Check every line below for the string "large". Copy the ones that have it.

[Dataset excerpts]
=== Begin Enclosure ===
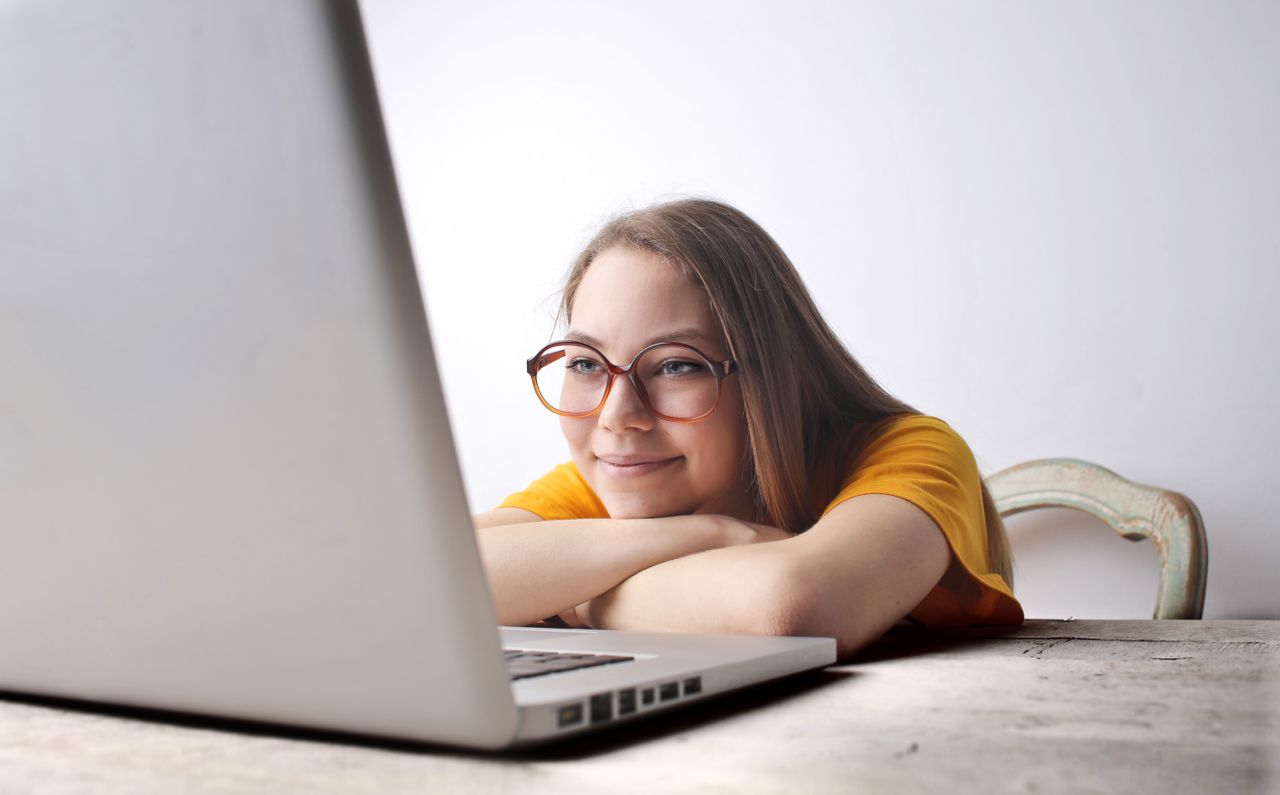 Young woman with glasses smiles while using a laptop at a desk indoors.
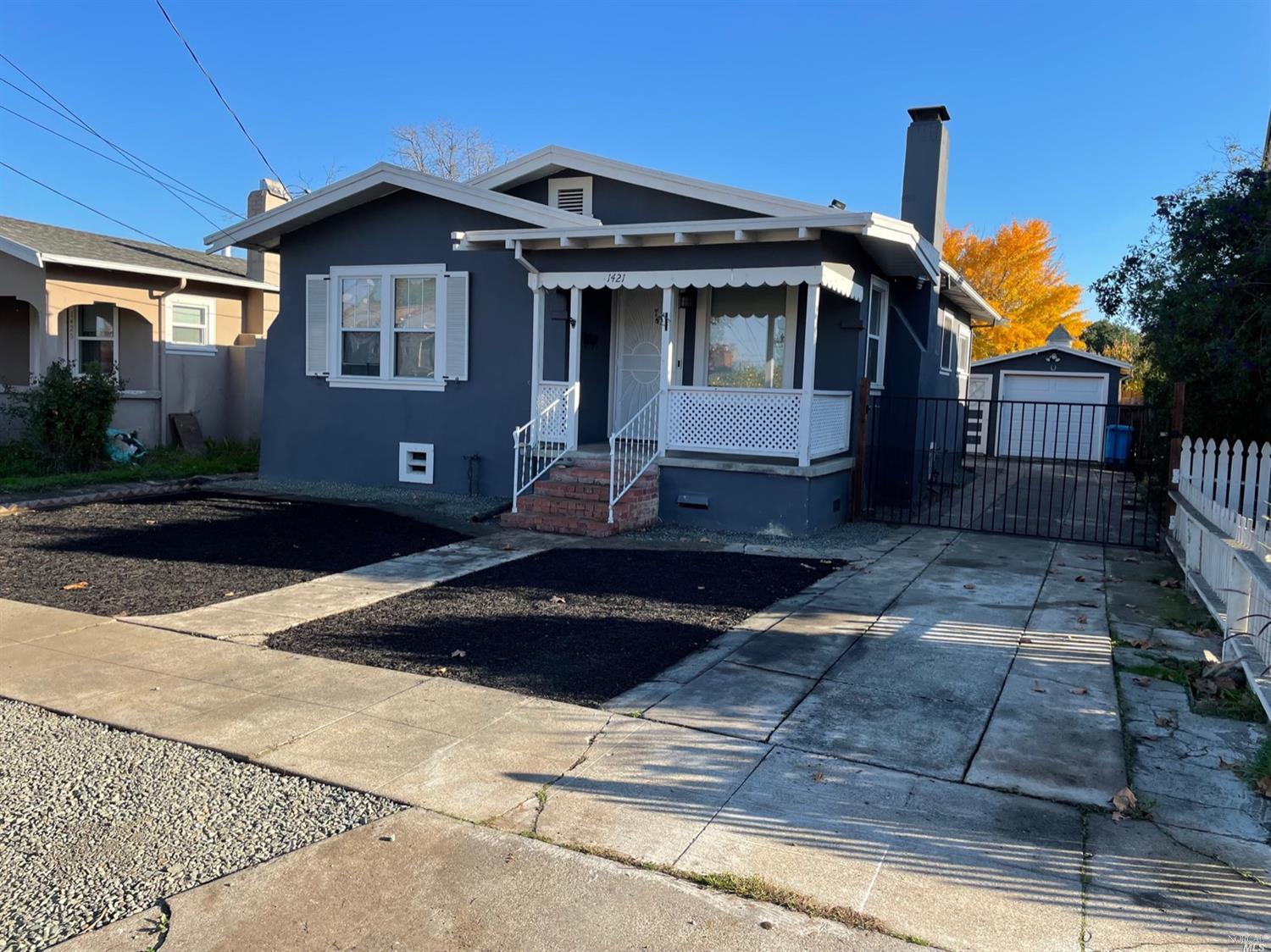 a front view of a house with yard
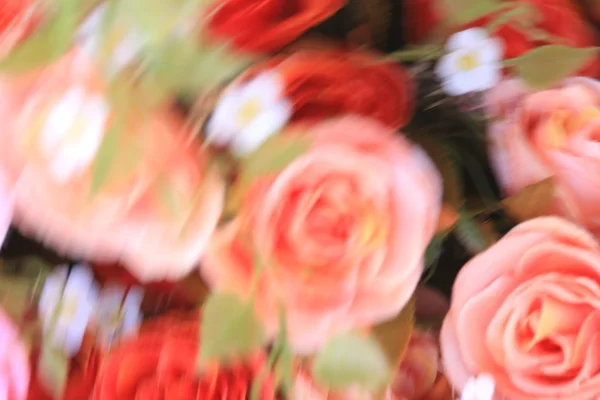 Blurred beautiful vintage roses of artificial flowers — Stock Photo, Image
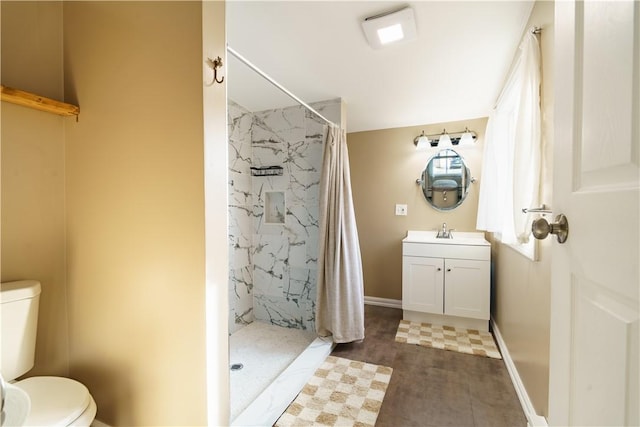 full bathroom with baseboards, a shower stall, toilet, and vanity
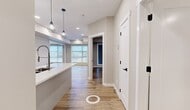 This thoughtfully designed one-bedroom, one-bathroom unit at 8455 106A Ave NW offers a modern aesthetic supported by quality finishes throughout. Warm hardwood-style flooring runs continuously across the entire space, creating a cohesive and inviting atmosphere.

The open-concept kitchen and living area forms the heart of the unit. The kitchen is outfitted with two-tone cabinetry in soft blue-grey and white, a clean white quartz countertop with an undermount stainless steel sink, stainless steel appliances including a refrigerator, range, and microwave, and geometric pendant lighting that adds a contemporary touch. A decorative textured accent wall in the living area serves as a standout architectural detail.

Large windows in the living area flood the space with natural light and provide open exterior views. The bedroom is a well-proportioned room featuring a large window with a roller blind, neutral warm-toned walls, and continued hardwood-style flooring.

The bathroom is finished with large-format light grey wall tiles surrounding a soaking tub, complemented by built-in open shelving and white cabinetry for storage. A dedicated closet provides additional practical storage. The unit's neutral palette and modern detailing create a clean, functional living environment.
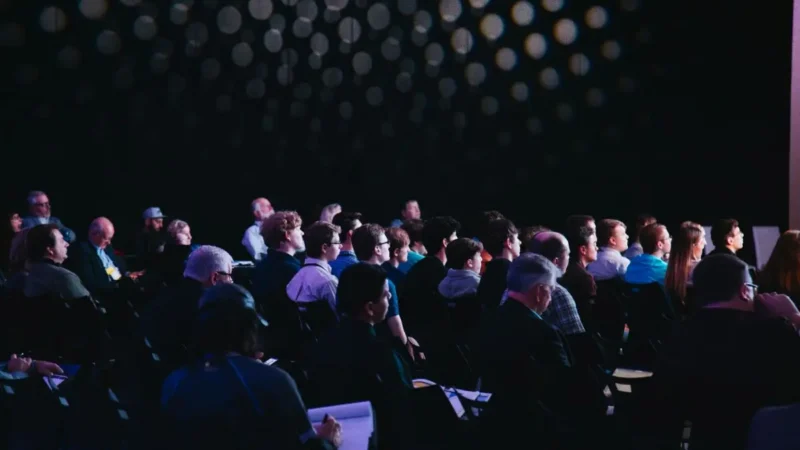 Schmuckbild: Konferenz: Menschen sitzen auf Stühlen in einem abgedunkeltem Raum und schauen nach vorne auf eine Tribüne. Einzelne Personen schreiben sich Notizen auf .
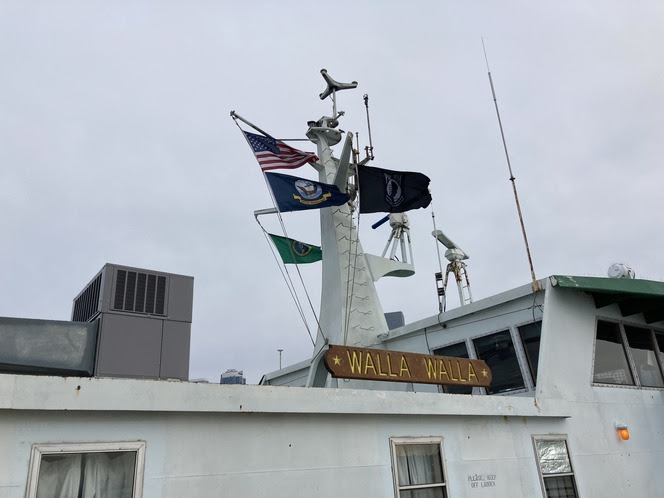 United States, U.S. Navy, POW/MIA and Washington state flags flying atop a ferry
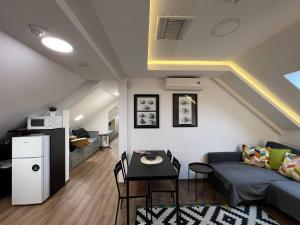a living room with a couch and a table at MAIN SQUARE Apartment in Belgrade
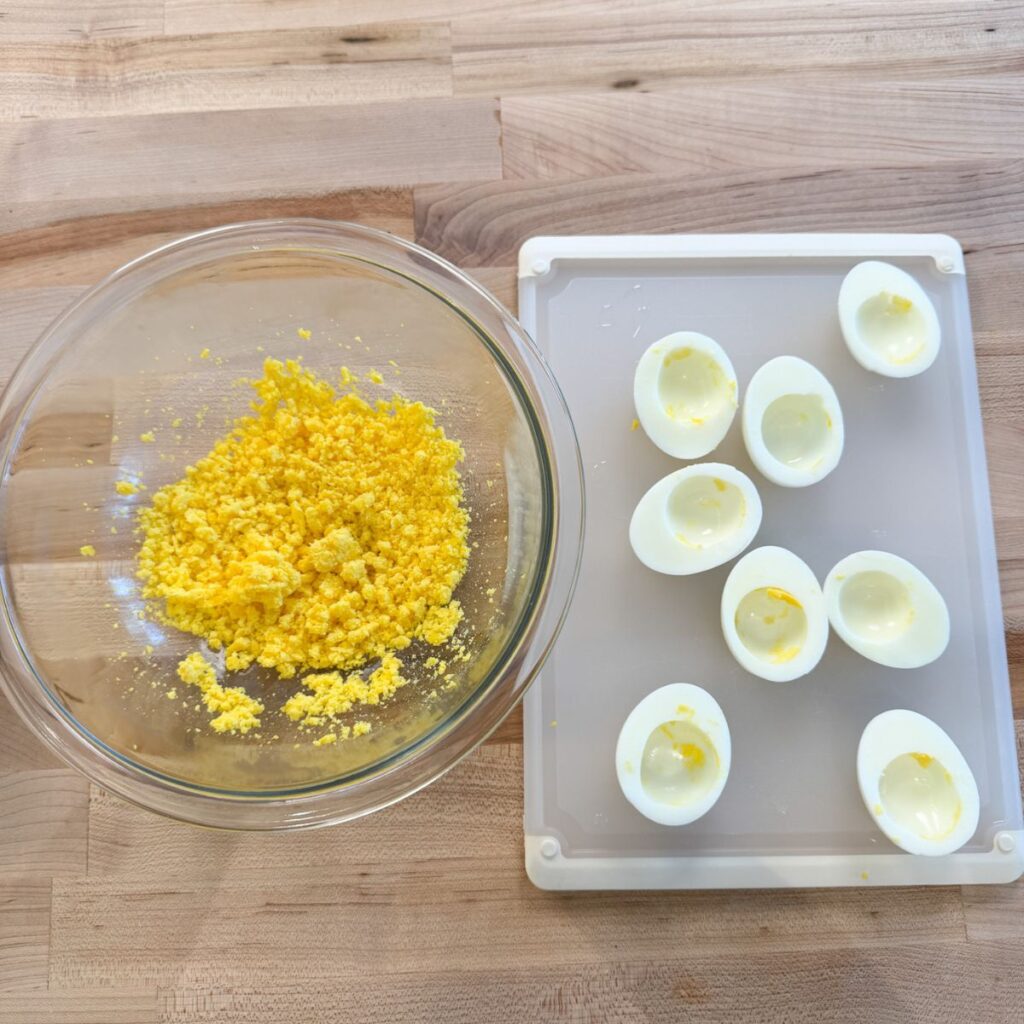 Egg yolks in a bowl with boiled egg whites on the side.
=== End Enclosure ===
[Answer box]
Large windows in the living area flood the space with natural light and provide open exterior views. The bedroom is a well-proportioned room featuring a large window with a roller blind, neutral warm-toned walls, and continued hardwood-style flooring.
The bathroom is finished with large-format light grey wall tiles surrounding a soaking tub, complemented by built-in open shelving and white cabinetry for storage. A dedicated closet provides additional practical storage. The unit's neutral palette and modern detailing create a clean, functional living environment.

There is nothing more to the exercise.